3.1.1 RoI extraction
For RoI detection, normalized cross-correlation is applied as described in chapter 2.4, because the method does not require large amount of teaching samples to be collected or created and the execution time can be improved by applying convolution and parallelization by applying GPU. As described before, NCC is orientation dependent, so the correlation coefficient depends on the relative orientation of the sample and image. To get rid of the orientation dependency, NCC kernel collection is augmented by variants of the original kernel. Central and axial symmetry of the objects allowed making this kernel augmentation by 8 rotation steps. Increasing the number of rotation steps increases accuracy but in parallel degrades execution speed. To get RoI centers, a non-max suppression on each kernel layer and a max selection overall kernel layers is performed. The result then is filtered with a high-pass filter. A low threshold is selected upon validation tests to eliminate the false negative identifications and to minimize the false positive identifications.
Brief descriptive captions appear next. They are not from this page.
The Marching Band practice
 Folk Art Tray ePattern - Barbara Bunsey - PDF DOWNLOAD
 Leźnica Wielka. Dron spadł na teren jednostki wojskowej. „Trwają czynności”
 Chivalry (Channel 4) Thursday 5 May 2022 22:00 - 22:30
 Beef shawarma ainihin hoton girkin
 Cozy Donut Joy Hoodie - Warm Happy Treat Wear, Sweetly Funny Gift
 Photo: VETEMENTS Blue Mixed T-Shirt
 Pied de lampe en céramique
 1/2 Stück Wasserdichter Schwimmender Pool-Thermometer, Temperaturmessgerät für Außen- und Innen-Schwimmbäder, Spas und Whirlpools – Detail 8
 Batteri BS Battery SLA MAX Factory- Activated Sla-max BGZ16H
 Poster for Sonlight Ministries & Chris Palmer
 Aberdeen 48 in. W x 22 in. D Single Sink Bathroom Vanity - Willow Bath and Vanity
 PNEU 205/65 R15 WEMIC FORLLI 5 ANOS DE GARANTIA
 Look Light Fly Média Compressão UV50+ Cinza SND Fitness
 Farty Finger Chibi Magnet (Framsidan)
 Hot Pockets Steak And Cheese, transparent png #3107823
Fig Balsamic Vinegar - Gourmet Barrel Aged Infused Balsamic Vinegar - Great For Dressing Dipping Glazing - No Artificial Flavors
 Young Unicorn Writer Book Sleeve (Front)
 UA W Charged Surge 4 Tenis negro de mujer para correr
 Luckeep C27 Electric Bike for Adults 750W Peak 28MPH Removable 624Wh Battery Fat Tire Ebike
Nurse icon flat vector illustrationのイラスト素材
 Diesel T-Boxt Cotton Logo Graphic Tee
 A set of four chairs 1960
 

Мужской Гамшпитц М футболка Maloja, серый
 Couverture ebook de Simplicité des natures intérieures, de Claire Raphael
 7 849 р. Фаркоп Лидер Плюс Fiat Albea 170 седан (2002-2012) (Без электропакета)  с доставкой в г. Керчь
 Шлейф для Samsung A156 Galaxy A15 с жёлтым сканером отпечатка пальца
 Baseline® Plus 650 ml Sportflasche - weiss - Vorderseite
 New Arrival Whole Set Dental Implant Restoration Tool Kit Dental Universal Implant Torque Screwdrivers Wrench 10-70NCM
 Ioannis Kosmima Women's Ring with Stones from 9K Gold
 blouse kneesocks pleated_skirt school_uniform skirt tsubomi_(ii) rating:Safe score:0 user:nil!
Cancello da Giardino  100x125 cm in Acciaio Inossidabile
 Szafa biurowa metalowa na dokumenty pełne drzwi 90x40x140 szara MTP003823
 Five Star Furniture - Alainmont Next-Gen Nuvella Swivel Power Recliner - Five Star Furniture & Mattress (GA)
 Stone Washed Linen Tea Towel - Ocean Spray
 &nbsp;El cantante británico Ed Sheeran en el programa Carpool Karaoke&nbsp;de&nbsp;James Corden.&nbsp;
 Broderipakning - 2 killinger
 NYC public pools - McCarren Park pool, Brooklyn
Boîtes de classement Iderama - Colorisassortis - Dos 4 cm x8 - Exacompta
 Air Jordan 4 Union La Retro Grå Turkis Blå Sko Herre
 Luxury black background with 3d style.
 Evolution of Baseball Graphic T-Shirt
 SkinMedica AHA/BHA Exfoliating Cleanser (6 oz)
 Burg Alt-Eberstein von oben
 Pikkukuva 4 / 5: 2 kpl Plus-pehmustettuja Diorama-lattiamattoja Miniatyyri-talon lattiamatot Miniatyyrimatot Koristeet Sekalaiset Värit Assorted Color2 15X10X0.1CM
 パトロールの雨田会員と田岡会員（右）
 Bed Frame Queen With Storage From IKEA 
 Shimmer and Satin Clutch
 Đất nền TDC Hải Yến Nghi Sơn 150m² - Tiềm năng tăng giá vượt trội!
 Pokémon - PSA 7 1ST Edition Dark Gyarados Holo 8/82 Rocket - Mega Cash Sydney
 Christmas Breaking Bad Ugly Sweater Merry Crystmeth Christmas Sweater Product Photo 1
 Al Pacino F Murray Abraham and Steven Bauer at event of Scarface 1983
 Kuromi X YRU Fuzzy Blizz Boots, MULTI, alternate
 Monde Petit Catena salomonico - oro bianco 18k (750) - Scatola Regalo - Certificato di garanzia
In the applied NCC implementations, the base kernel of size 31 × 31, shown in Fig. 2a, was rotated with 8 rotation steps between −90 and +90 degrees, then 19 × 19 pixels were copied from its center. That resulted 9 (1 original plus 8 augmented) kernels. Bigger original kernel size and center clipping was designed to eliminate the effect of image rotation on background corners, as shown in Fig. 2b.
RoI extraction kernels augmentation and clipping, a) default kernel, b) rotation effect on background (Source: Author)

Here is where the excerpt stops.